This is fundamentally the problem with Labour at the moment (and indeed the piece). Labour historically had been a broad church of people with a broad understanding that compromise and sometimes "holding your nose" over something in exchange for the greater good is necessary for the common goal of making things better for not just the poor, but everyone.
As Marckee says, somewhere between 97 and 2015 something got lost along the way - the party in it's New Labour guise did much that was good (minimum wage, NHS/education funding), and brought in support from new areas, but forgot to continue conversing with the base that allowed them to do that. I don't have the exact answers as to why, but there's a reason that the BNP and then UKIP grew from negligible support to 12+% and the broad coalition splintered with increasing numbers voting for previously insignificant parties.

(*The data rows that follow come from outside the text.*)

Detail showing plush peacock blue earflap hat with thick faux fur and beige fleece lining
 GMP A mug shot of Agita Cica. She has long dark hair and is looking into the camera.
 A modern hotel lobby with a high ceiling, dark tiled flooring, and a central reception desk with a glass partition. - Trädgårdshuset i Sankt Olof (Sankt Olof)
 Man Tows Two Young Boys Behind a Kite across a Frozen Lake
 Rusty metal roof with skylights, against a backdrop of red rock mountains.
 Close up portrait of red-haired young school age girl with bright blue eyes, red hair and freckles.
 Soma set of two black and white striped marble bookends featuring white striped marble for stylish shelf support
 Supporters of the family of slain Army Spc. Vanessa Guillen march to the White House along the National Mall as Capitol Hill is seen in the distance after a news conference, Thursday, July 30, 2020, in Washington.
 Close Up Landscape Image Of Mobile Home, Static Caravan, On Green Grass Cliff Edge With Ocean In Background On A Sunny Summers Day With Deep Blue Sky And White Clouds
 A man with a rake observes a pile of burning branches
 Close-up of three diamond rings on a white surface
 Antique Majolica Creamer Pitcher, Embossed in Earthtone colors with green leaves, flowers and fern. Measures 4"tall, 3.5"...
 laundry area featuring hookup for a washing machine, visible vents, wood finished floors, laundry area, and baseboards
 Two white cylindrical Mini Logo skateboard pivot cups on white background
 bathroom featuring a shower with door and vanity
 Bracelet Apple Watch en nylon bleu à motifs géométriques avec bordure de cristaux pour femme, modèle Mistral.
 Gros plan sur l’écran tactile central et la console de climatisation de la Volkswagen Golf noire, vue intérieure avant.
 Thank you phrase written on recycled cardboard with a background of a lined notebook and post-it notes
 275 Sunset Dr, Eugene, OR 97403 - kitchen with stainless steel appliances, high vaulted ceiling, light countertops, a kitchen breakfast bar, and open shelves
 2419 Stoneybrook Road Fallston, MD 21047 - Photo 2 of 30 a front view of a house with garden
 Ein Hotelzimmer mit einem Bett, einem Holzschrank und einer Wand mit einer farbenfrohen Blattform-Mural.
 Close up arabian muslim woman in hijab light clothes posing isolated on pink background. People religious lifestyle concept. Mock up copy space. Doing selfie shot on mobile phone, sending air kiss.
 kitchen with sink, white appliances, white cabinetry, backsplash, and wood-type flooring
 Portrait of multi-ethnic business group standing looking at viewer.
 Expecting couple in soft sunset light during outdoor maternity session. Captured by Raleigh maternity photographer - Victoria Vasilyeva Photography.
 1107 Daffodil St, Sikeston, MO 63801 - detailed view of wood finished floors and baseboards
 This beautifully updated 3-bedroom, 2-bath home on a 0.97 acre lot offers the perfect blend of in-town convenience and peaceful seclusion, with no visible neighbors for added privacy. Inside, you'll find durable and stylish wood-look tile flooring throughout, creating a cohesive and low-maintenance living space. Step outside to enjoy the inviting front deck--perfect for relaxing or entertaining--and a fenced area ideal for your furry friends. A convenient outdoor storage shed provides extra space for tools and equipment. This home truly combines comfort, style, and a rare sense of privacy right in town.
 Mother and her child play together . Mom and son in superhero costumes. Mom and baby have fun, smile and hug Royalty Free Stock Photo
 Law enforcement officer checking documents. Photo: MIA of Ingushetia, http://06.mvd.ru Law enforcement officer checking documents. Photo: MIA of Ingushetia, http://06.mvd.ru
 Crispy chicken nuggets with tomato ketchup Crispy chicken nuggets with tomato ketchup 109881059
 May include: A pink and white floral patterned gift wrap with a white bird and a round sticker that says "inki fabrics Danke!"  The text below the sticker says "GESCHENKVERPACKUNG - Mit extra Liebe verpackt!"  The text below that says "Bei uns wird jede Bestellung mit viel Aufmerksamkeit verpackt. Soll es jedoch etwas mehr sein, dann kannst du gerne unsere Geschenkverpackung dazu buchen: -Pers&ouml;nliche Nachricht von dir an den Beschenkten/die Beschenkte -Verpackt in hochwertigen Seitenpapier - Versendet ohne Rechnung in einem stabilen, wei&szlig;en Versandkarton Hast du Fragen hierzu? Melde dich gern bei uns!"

The trouble is that on the one hand, the centre-left/moderates within Labour don't seem willing to address those issues, while the further-left/Corbyn supporting part of the party is - as @asita has often said - unequipped for leadership. As I've said many a time on here, how it gets resolved in the medium term is beyond me. Both sides are vying for sole control of the party at the moment rather than working together for the betterment of the common cause (I choose not to ascribe blame either way in this post for that it's utterly irrelevant to the fundamental point) and I don't see either backing down anytime soon.